Cannabis en Thaïlande
Anutin Charnvirakul, le « roi du cannabis », prend le pouvoir en Thaïlande
La Thaïlande a un nouveau Premier ministre : Anutin Charnvirakul, souvent surnommé le « roi du cannabis » pour son rôle dans la dépénalisation du cannabis en 2022. Vendredi, le dirigeant de 58 ans du parti Bhumjaithai (Fierté de la Thaïlande) a obtenu 311 voix sur 492 au Parlement, devenant ainsi le troisième chef du gouvernement du pays en seulement un an.
L’architecte du cannabis au pouvoir
Pour les observateurs de la politique thaïlandaise, l’ascension d’Anutin revêt une importance particulière en raison de son lien symbolique avec la réforme du cannabis. En tant que ministre de la Santé pendant la pandémie de Covid-19, il a été le fer de lance du retrait du cannabis de la liste des stupéfiants du pays en 2022, faisant de la Thaïlande le premier pays asiatique à dépénaliser cette plante.

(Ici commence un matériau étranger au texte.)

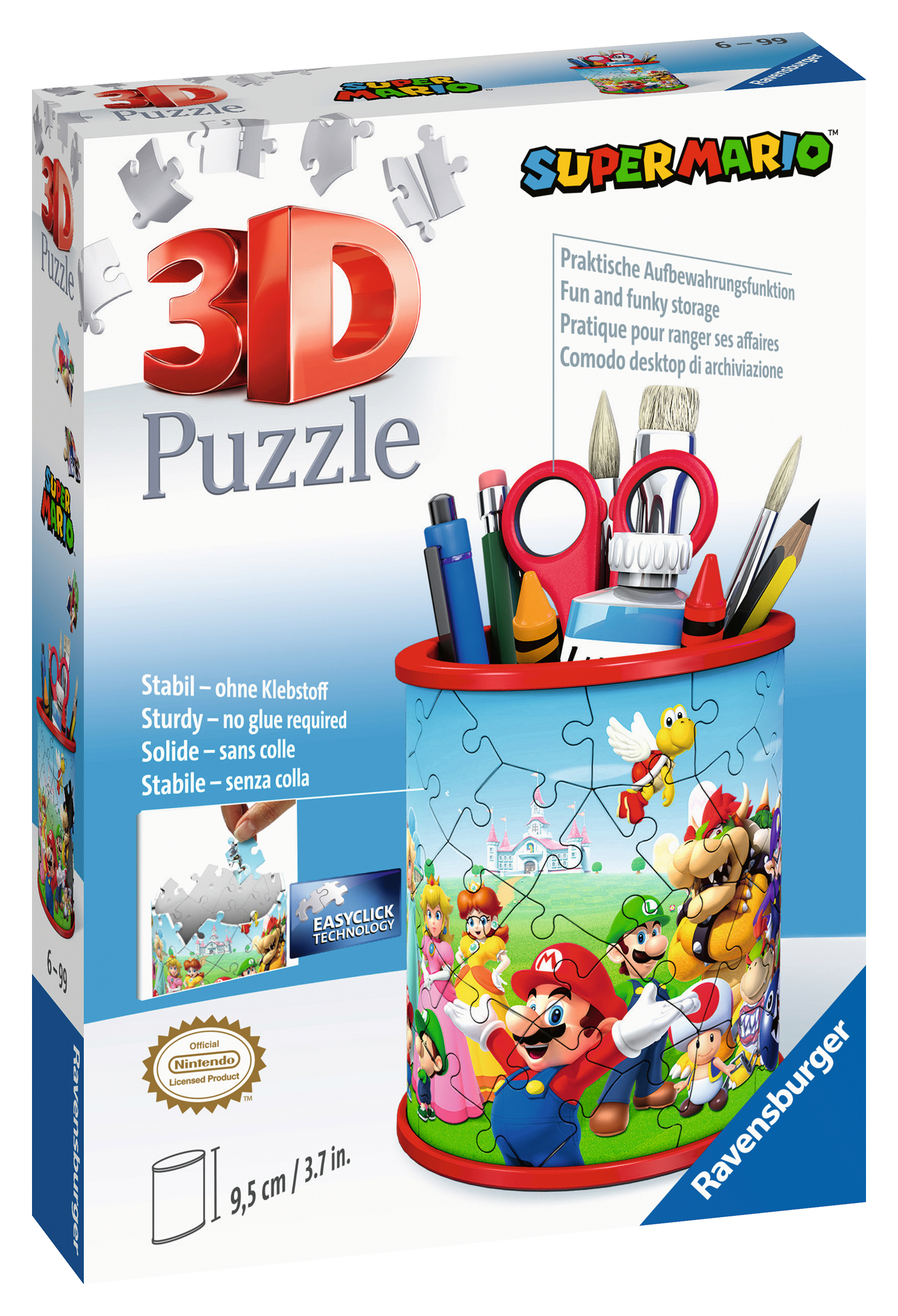 Pudełko z puzzlami 3D Super Mario z piórnikiem i różnymi materiałami artystycznymi.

Son parti a bâti son image autour de cette politique. Pendant la campagne de 2023, Anutin est même apparu vêtu de chemises ornées de feuilles de cannabis, rappelant clairement sa réalisation phare. Selon l’Asia Cannabis Report, ses motivations initiales étaient en partie pragmatiques : réduire la surpopulation carcérale causée par des délits mineurs liés à la drogue et offrir de nouvelles opportunités économiques dans les régions rurales, en particulier dans l’Isan, le bastion du Bhumjaithai.
Maintenant qu’il occupe la plus haute fonction, cette continuité dans la politique en matière de cannabis pourrait s’avérer décisive. Comme le souligne une analyse, « contrairement à d’autres pays où la légalisation du cannabis est confrontée à une incertitude politique, la Thaïlande compte désormais son principal architecte de la réforme du cannabis à la plus haute fonction ».
Un marché du cannabis en pleine explosion
Le contexte politique croise l’histoire économique. Le marché du cannabis en Thaïlande a connu une forte croissance. Évalué à 1,31 milliard de dollars en 2024, il devrait connaître un taux de croissance annuel composé de 33% entre 2025 et 2030. Certaines projections suggèrent même que le secteur pourrait atteindre 9,6 milliards de dollars d’ici 2030.
À titre de comparaison, le marché canadien du cannabis était estimé à environ 3,9 milliards de dollars en 2023, tandis que le marché américain destiné aux adultes dépassait les 20 milliards de dollars. À l’échelle mondiale, les ventes de cannabis devraient passer de 57,18 milliards de dollars en 2023 à 444,34 milliards de dollars en 2030.
Si ces prévisions se confirment, la Thaïlande pourrait conquérir environ 2,2% de ce marché mondial, se positionnant ainsi comme le plus grand marché unique du cannabis en dehors de l’Amérique du Nord et de l’Europe.
Ces chiffres expliquent l’importance de la présence d’Anutin à la tête du gouvernement. L’économie du cannabis du pays a généré 28 milliards de bahts thaïlandais (750 millions d’euros) de recettes au cours de sa première année après la dépénalisation, et ce chiffre devrait presque doubler à court terme. Des milliers d’agriculteurs, de détaillants et même le secteur du tourisme dépendent désormais du cadre juridique actuel.
Entre instabilité politique et pragmatisme économique
Malgré sa victoire parlementaire, le gouvernement d’Anutin repose sur des bases fragiles. Il s’appuie sur une alliance temporaire avec des rivaux idéologiques qui s’attendent à ce qu’il convoque de nouvelles élections. La promesse d’une réforme constitutionnelle ajoute une couche supplémentaire d’incertitude.
Mais pour de nombreux Thaïlandais, le secteur du cannabis apparaît déjà comme une rare lueur d’espoir. Au-delà de son rôle dans l’agriculture et le tourisme, il est devenu un outil de soft power. La Thaïlande est désormais le premier pays à avoir pris cette initiative en Asie, un continent où la plupart des gouvernements maintiennent des interdictions strictes.
Les pays voisins tels que la Malaisie, l’Indonésie et les Philippines continuent d’imposer des sanctions sévères pour la possession, tandis que le Japon et la Corée du Sud autorisent une utilisation médicale très limitée et interdisent la consommation récréative.
L’initiative précoce de la Thaïlande lui confère un avantage de précurseur : elle attire déjà le tourisme lié au cannabis, les investissements étrangers et les partenariats internationaux. Que M. Anutin reste ou non Premier ministre après les prochaines élections, il est peu probable que l’industrie fasse marche arrière.